A quick recap: in our March article, we noted that financial services organizations experienced the highest ratio of incidents attributed to password login attacks (46.2%) compared to all other sectors. They were third in the percentage of denial-of-service (DoS) incidents (36.1%). The last largest category was web-related attacks, at 6.3%. Figure 1 breaks down the categories of incidents at financial organizations.
A wide variety of organizations fall under financial services, including banks of varying sizes, credit unions, insurance companies, government-sponsored financial institutions, stock exchanges, investment funds, payment processors, consumer finance lenders, brokerages, and companies that service the financial sector. We’ll look at all of these and note the differences in the data, starting with the largest category, banks.
Cyberattack Incidents at Banks
Banks are the largest segment in the 2018-2020 financial services incident data, representing 40% of the records. Out of financial services organizations, banks saw more DoS attacks (41%), which is five points above the average of 36%. However, they also saw fewer password login attacks (41%), which was five points below the average of 46%. One possible reason for this is that banks have better antibot controls in place, which mitigate password login attacks, and thus see fewer attacks than the average financial organization. Web attacks make up 6% of the reported bank security incidents, which is on par with the average.

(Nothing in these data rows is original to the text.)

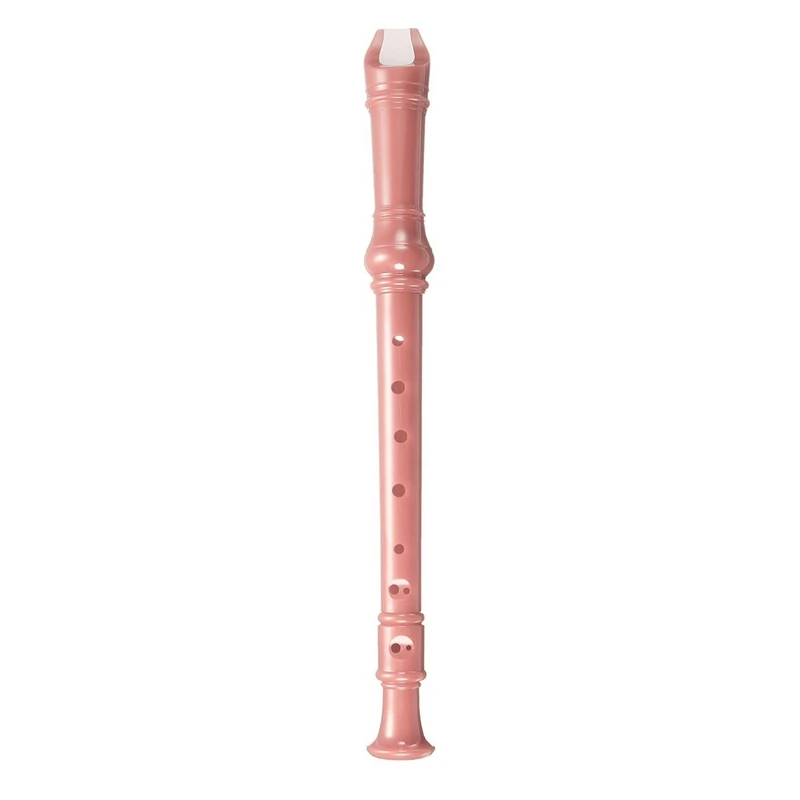 8-hole Soprano Descant Recorder Pink With Cleaning Rod+ Case Bag Music Instrument Pink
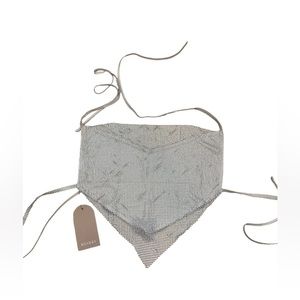 NWT MESHKI DAPHNE DIAMANTÉ‎ COWL NECK HALTER TOP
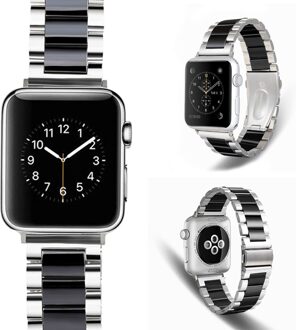 Horlogeband Voor Apple Horloge 5 4 38Mm 42Mm 40Mm 44Mm Rvs Keramische Band Luxe Vrouwen band Armband Voor Iwatch 5 4 3 2 1 zilver zwart / for 38mm 40mm
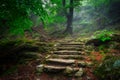 A foggy landscape of stairs from hellish Valley to Chojnik Castle in the Karkonosze Mountains. Poland Royalty Free Stock Photo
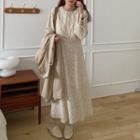 Long-sleeve Dotted Midi A-line Chiffon Dress Almond - One Size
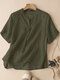 Solid Short Sleeve Stand Collar Casual Blouse For Women - Dark Green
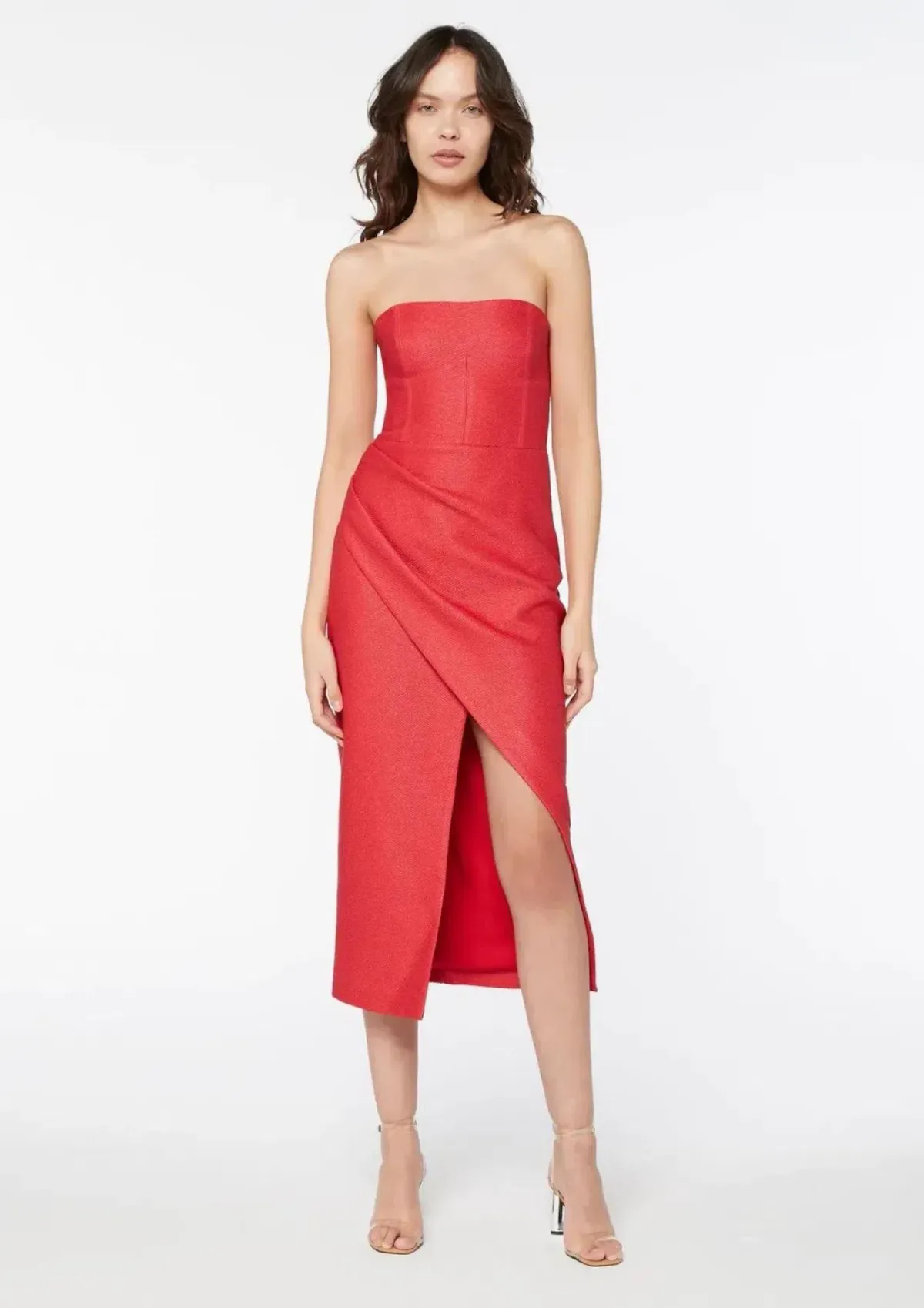Manning Cartell Heart's Desire Strapless Midi Dress Red Size 8 - Image 1
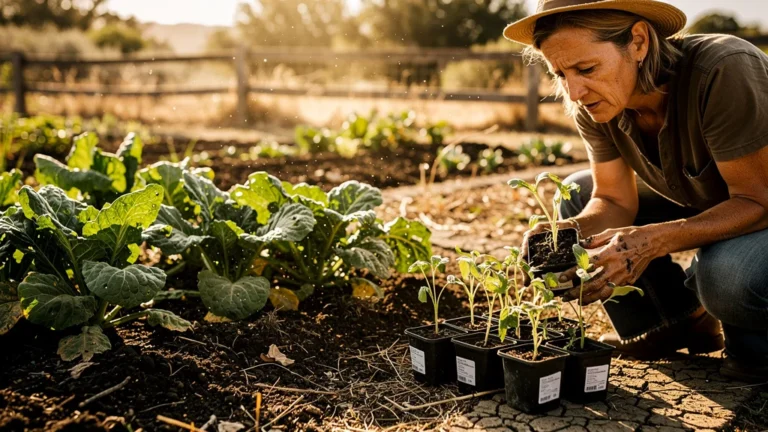 Comparaison entre semences paysannes robustes et plants du commerce fragiles sous un soleil intense au potager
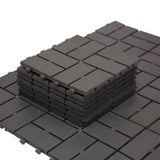 1 in. x 1 in. Square Plastic Deck Tile in Gray, Waterproof, All Weather Use (9 Per Case)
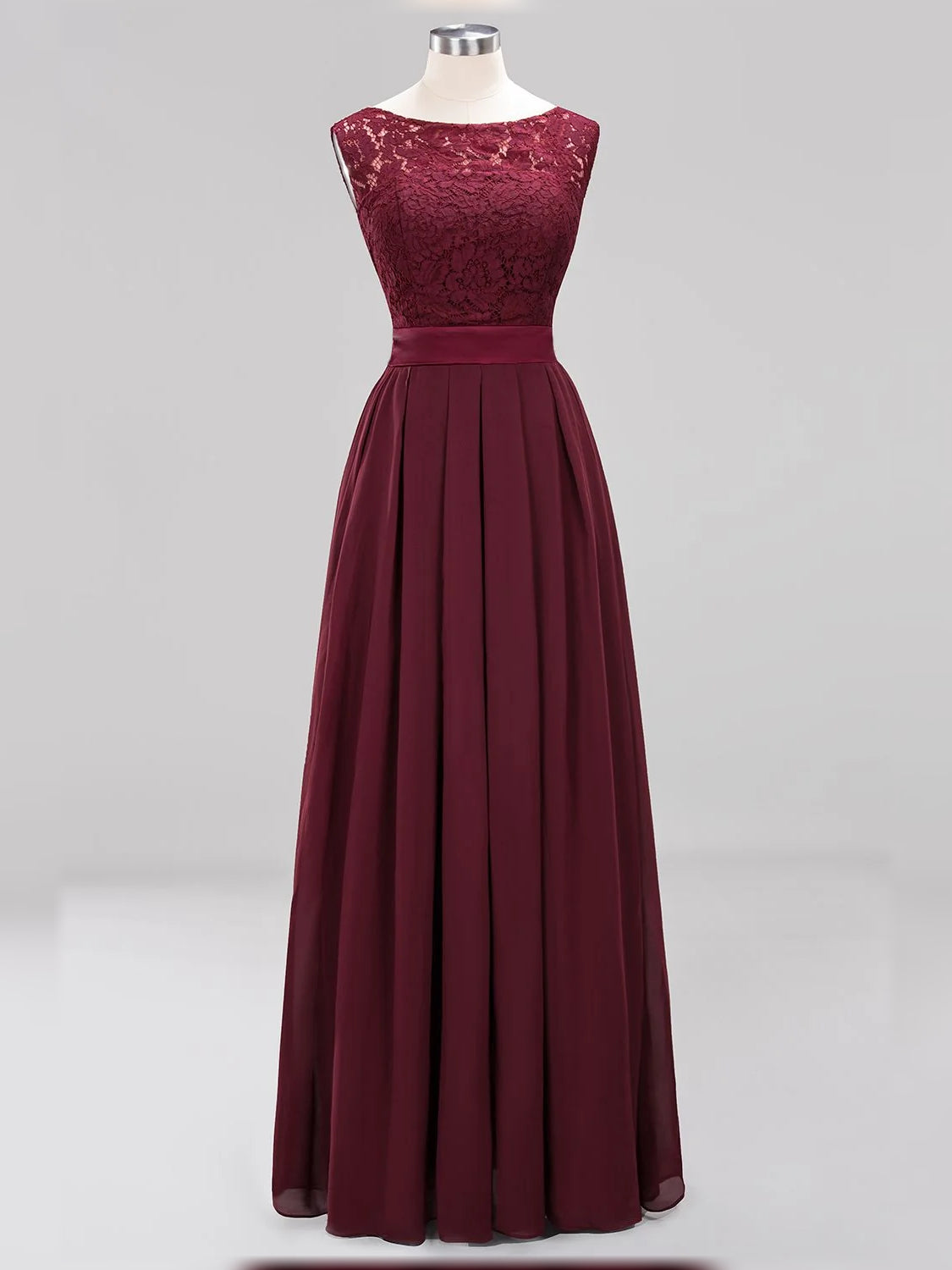 Burgundy floor-length bridesmaid dress, alternate view showing the skirt and hem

Of the password login attacks against banks, the majority of incidents were reported as brute force (77%), with the remainder (23%) reported as credential stuffing botnet attacks. The DoS attacks that could be classified were mostly web application, or layer 7, attacks (36%), followed by network volumetric attacks (24%) and DNS DoS (14%) attacks, with the rest uncategorized.
Cyberattack Incidents at Large and Small Banks
We had enough data to do a significant breakout by bank size, as shown in Figure 2. Using a bank asset size of USD $100 billion as a divider between large and small banks, we found that large banks reported more DoS attacks. Of all the incidents larger banks reported, 44% were DoS, while only 37% of incidents at smaller banks were noted as DoS. This is reversed for password login attacks, with smaller banks seeing a higher proportion (48%), while larger banks saw only 36%. Reported web attack incidents were nearly the same—large banks 6% and small banks 7%.
Cyberattack Incidents at Credit Unions
Some may think that credit unions are like small banks, but they are far different. For one, credit unions are owned by their customers, so they are far more focused on individual consumers than the average bank. This consumer focus shows up in the cyber-incident data as well, with 88% of incidents reported as password login attacks. This is nearly double the average and far higher than banks see. Credit unions provide a lot more customer services, which means more user-friendly logins that attackers are eager to exploit with credential stuffing and brute force attacks.
DoS attacks are also far below the average at credit unions, showing up as only 8% of reported incidents. It could be that credit unions are less of a target for DoS because they are perceived as having less money to pay ransom. Or perhaps they aren’t as unloved as banks or they’re simply not seen as a potential target. Credit unions also saw about half the average of web attacks, at 3%.